### EXERCISE DESCRIPTION
For this item, repeat the material exactly while omitting its pictures.

----- SUPPLIED ENTRIES -----

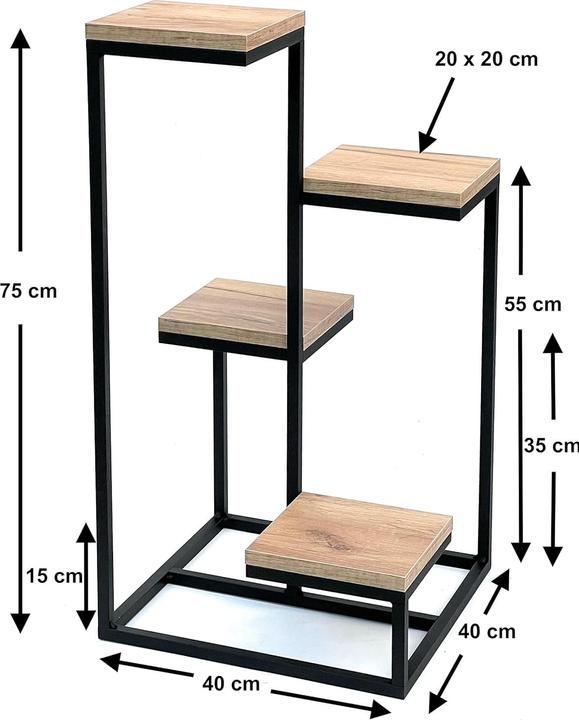 Image du produit DanDiBo Blumentreppe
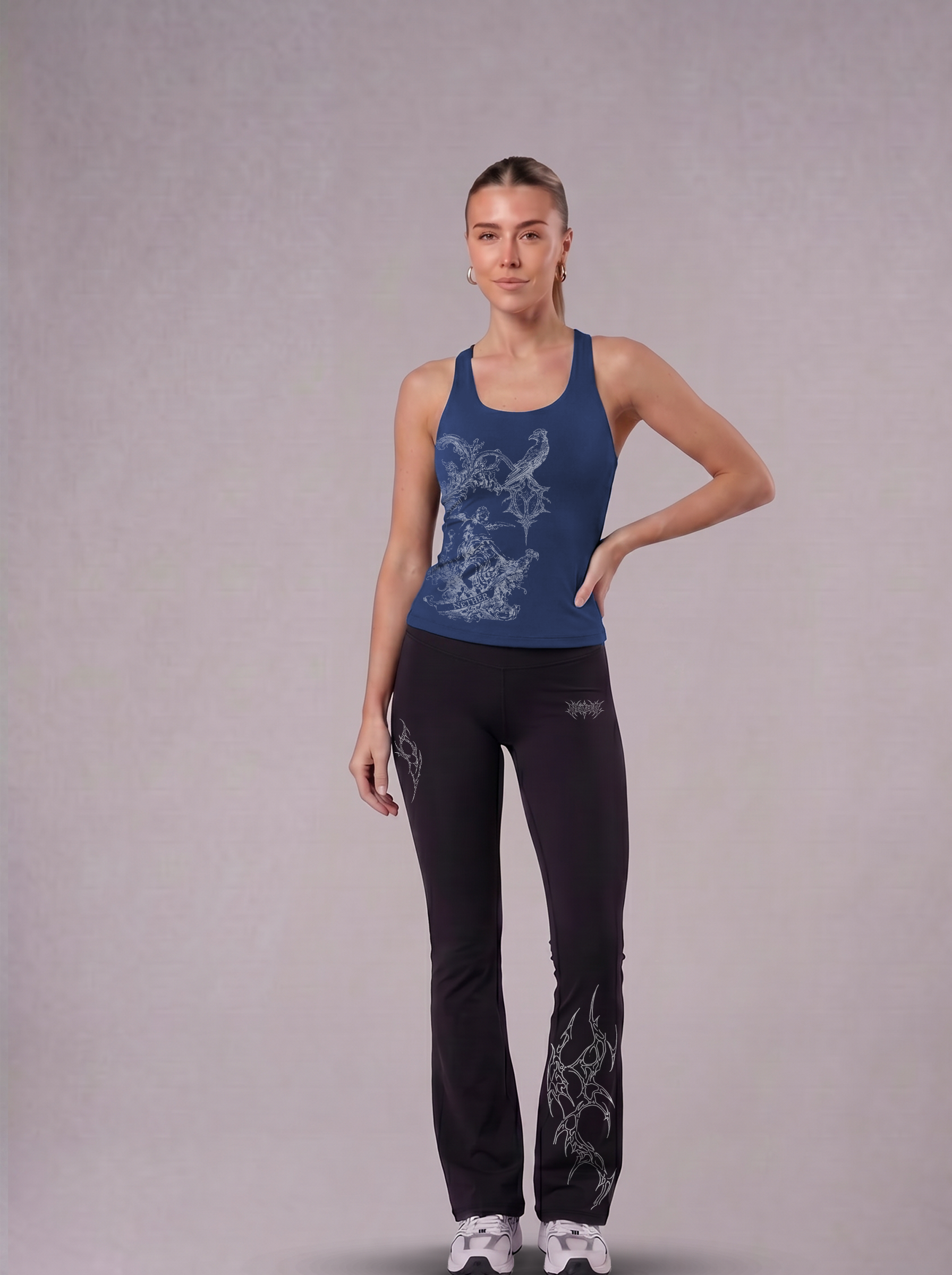 REAVER TANK-TOP WOMEN - BLUE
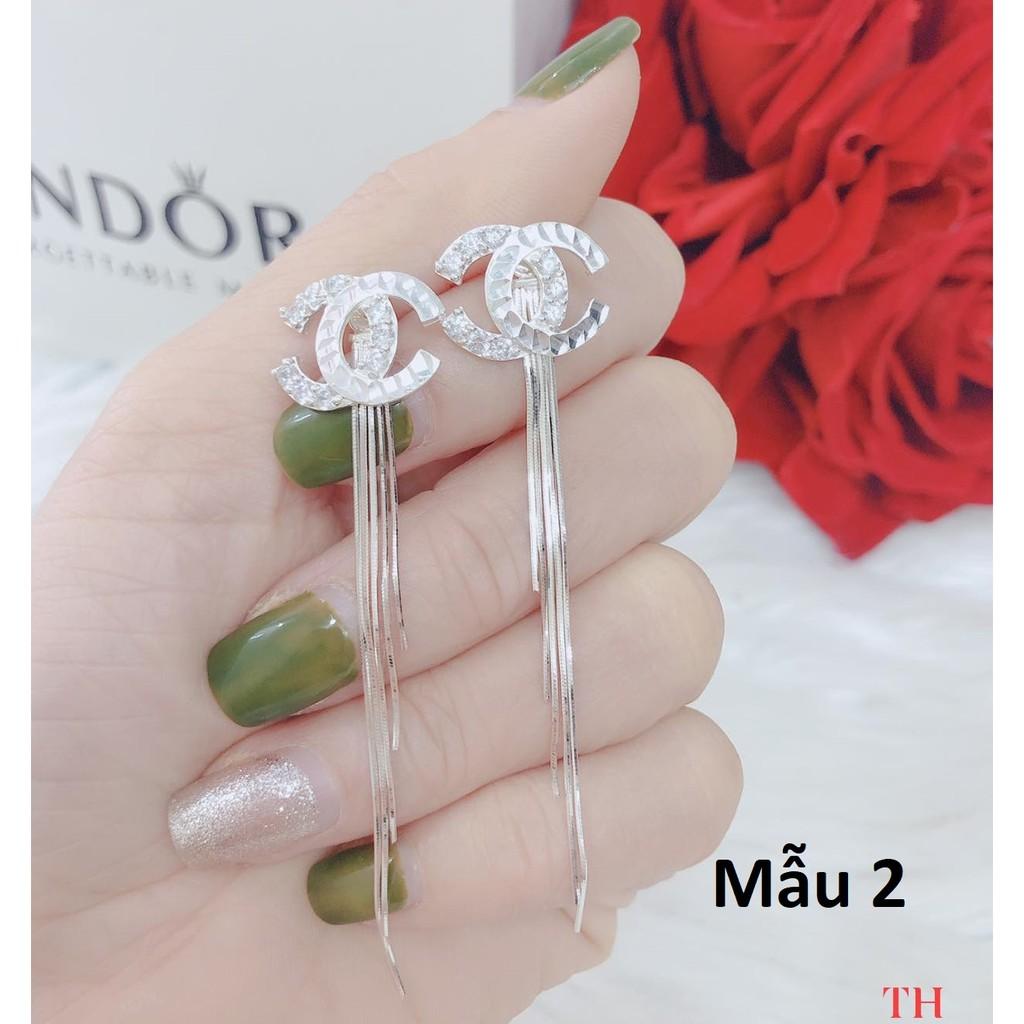 Bông tai bạc thời trang chất liệu bằng bạc s925 MS0108
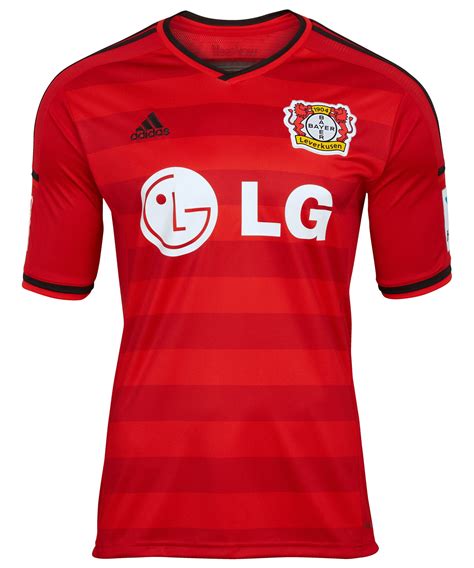 Maybe you would like to learn more about one of these? Bayer Leverkusen thuisshirt 2014/2015 - Voetbalshirtjes.com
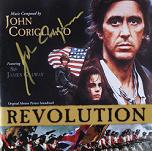 John Corigliano: Revolution - signed CD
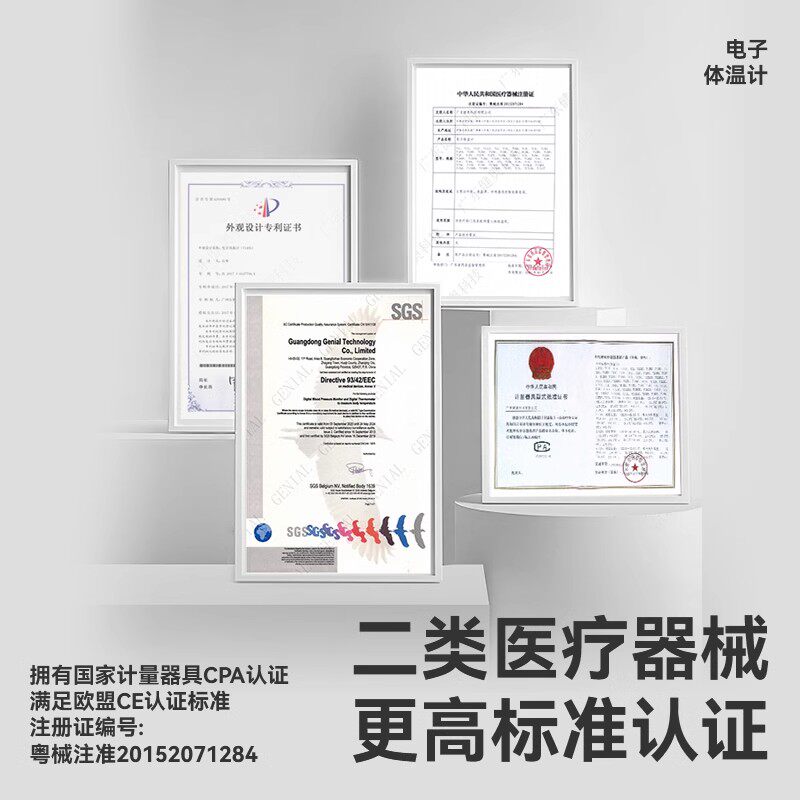  左点体温计类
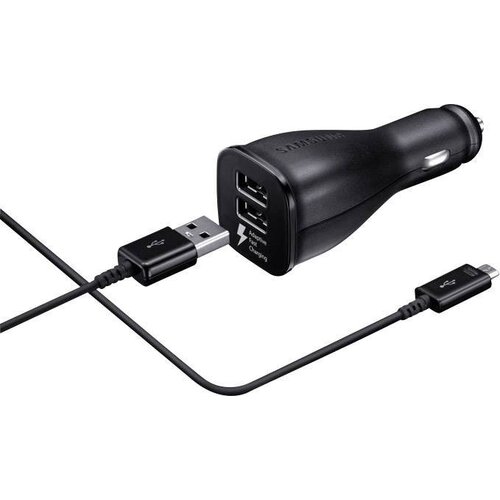 Samsung avtopolnilec EP-LN920BBE + microusb kabel - fast charge - eu blister Cene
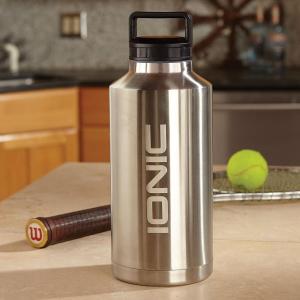 64 oz Stainless Steel Vacuum Growler 1 64 oz Stainless Steel Vacuum Growler 1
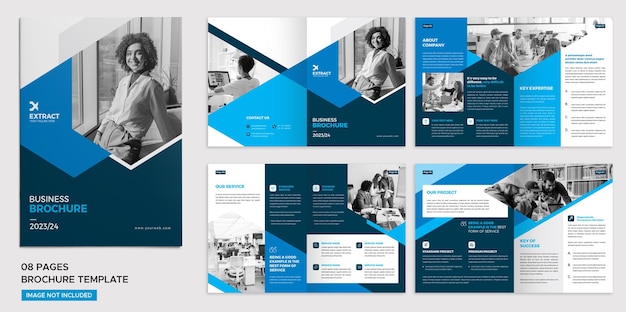 Brochure d&#39;entreprise modèle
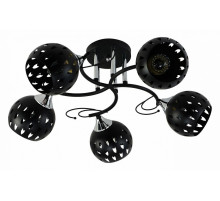 Потолочная люстра 01314-0.3-05 BK+CR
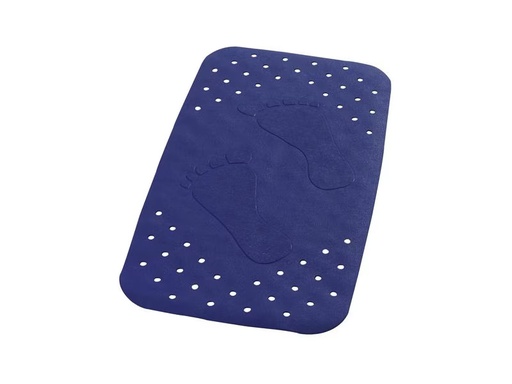 [90307556 1589646] Ridder Badewanneneinlage Plattfuss Blau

-----

### OUTPUT
 Image du produit DanDiBo Blumentreppe
 REAVER TANK-TOP WOMEN - BLUE
 Bông tai bạc thời trang chất liệu bằng bạc s925 MS0108
 Maybe you would like to learn more about one of these? Bayer Leverkusen thuisshirt 2014/2015 - Voetbalshirtjes.com
 John Corigliano: Revolution - signed CD
  左点体温计类
 Samsung avtopolnilec EP-LN920BBE + microusb kabel - fast charge - eu blister Cene
 64 oz Stainless Steel Vacuum Growler 1 64 oz Stainless Steel Vacuum Growler 1
 Brochure d&#39;entreprise modèle
 Потолочная люстра 01314-0.3-05 BK+CR
 [90307556 1589646] Ridder Badewanneneinlage Plattfuss Blau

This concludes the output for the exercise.